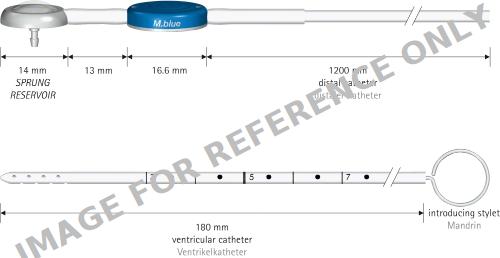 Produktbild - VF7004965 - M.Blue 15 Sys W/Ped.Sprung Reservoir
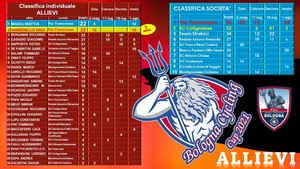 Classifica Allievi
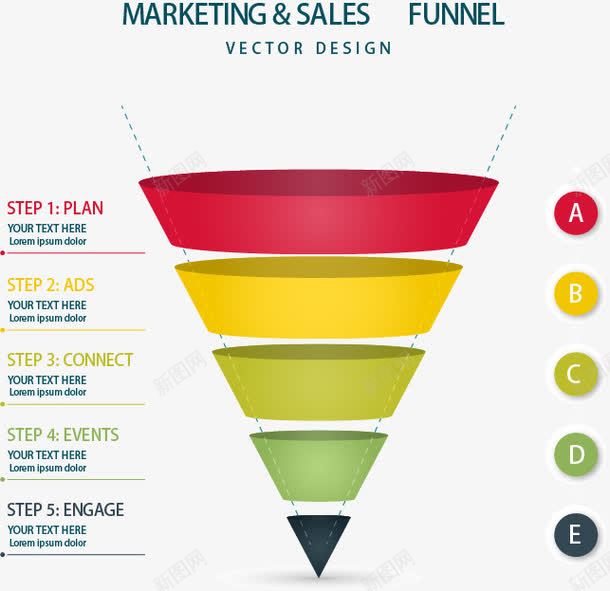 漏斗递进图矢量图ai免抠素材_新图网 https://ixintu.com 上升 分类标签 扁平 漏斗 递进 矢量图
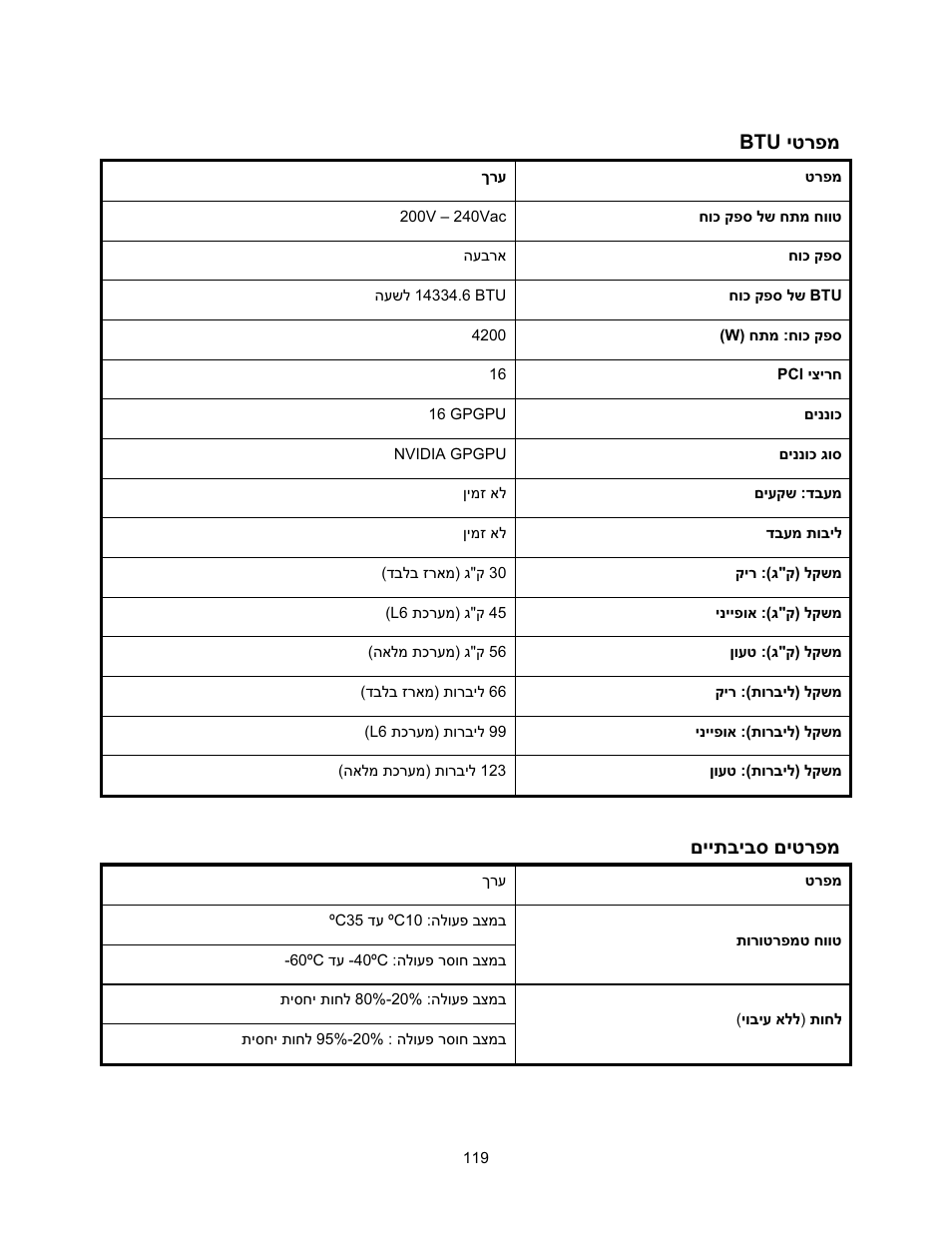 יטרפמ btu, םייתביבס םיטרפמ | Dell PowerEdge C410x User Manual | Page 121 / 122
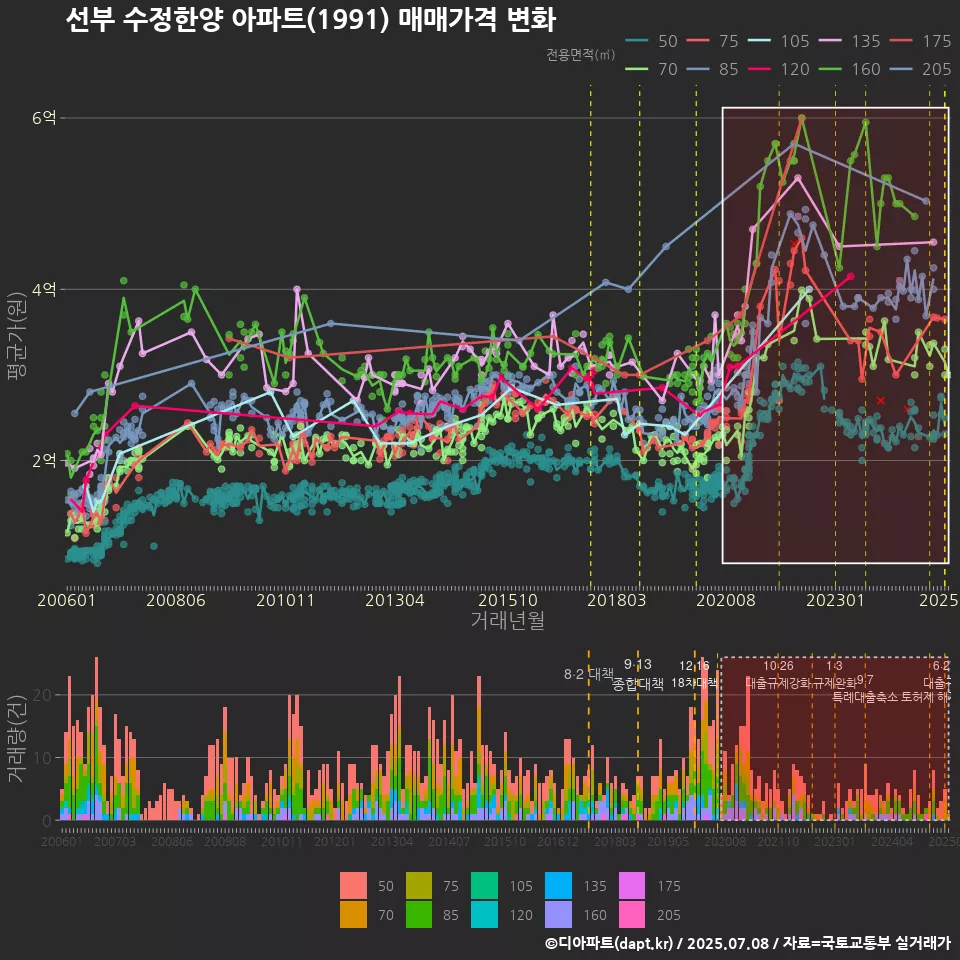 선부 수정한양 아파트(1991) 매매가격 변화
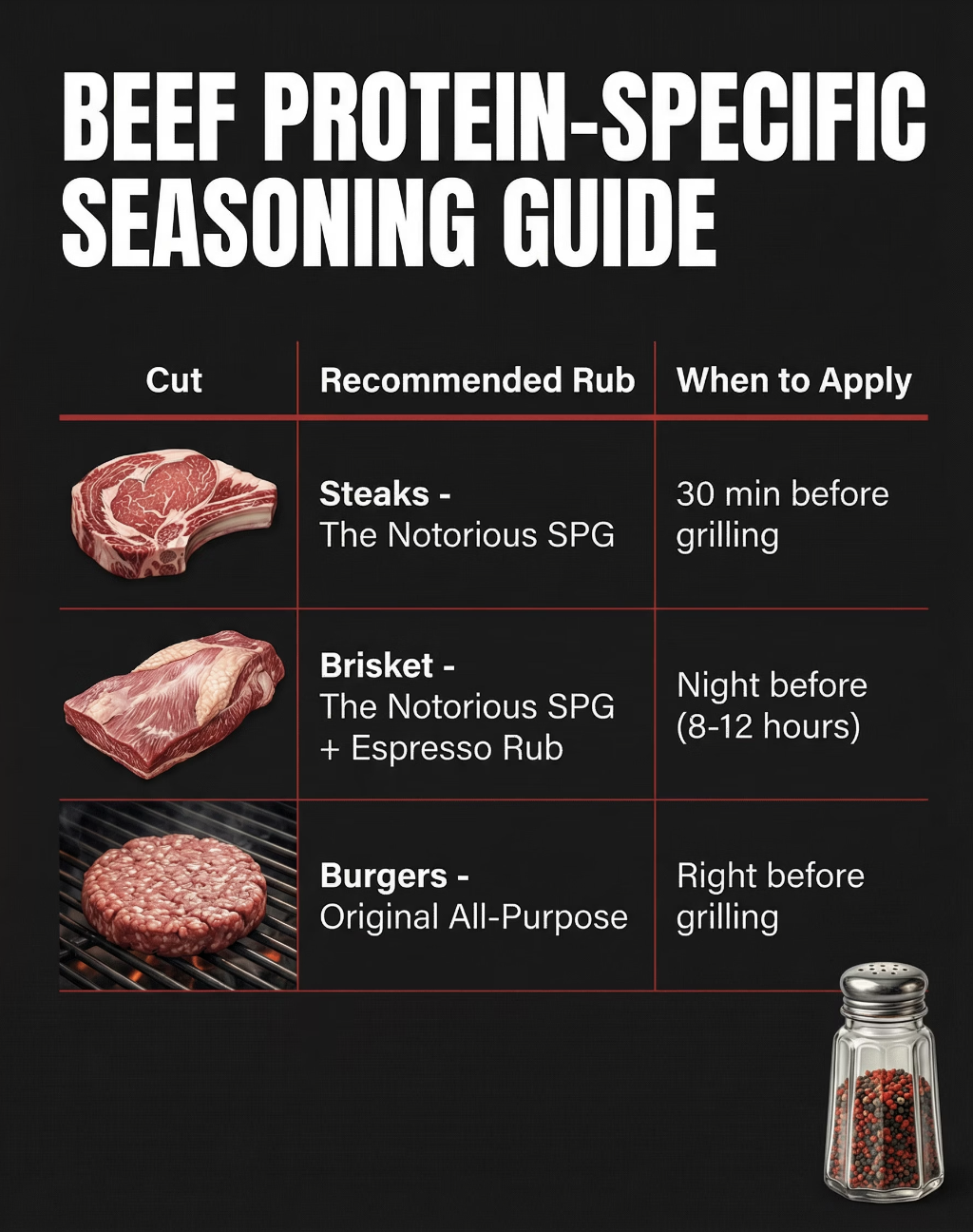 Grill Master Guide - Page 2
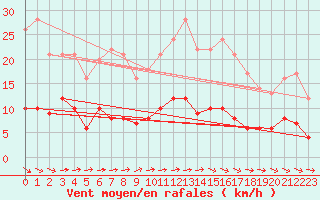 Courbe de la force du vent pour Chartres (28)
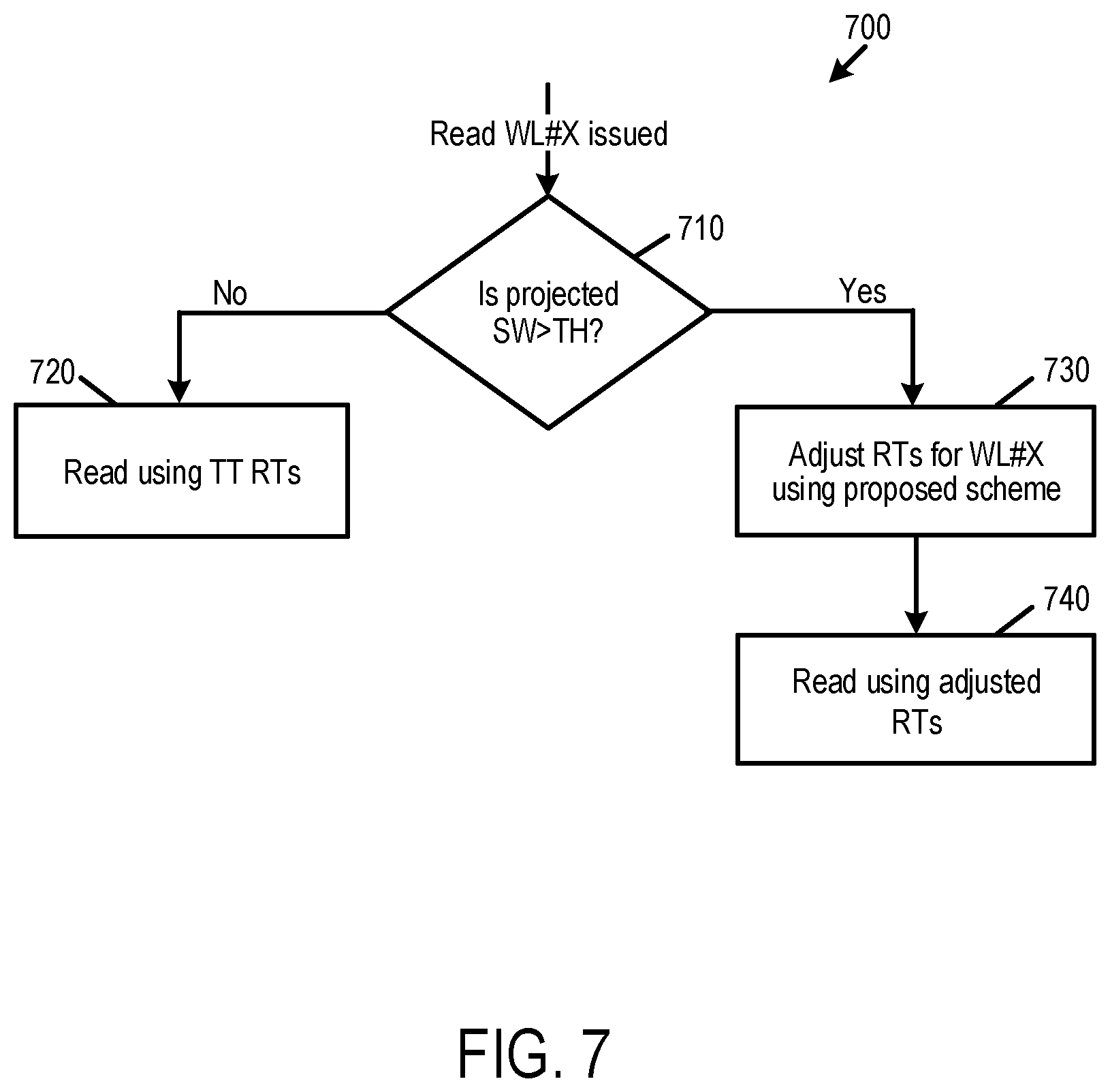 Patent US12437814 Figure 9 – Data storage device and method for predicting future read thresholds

• AIM OF THE EXERCISE: Pictures stay out. Everything else in the listing gets printed exactly.

• SOLUTION FOR THIS PROBLEM:
 Produktbild - VF7004965 - M.Blue 15 Sys W/Ped.Sprung Reservoir
 Classifica Allievi
 漏斗递进图矢量图ai免抠素材_新图网 https://ixintu.com 上升 分类标签 扁平 漏斗 递进 矢量图
 יטרפמ btu, םייתביבס םיטרפמ | Dell PowerEdge C410x User Manual | Page 121 / 122
 선부 수정한양 아파트(1991) 매매가격 변화
 Grill Master Guide - Page 2
 Courbe de la force du vent pour Chartres (28)
 Patent US12437814 Figure 9 – Data storage device and method for predicting future read thresholds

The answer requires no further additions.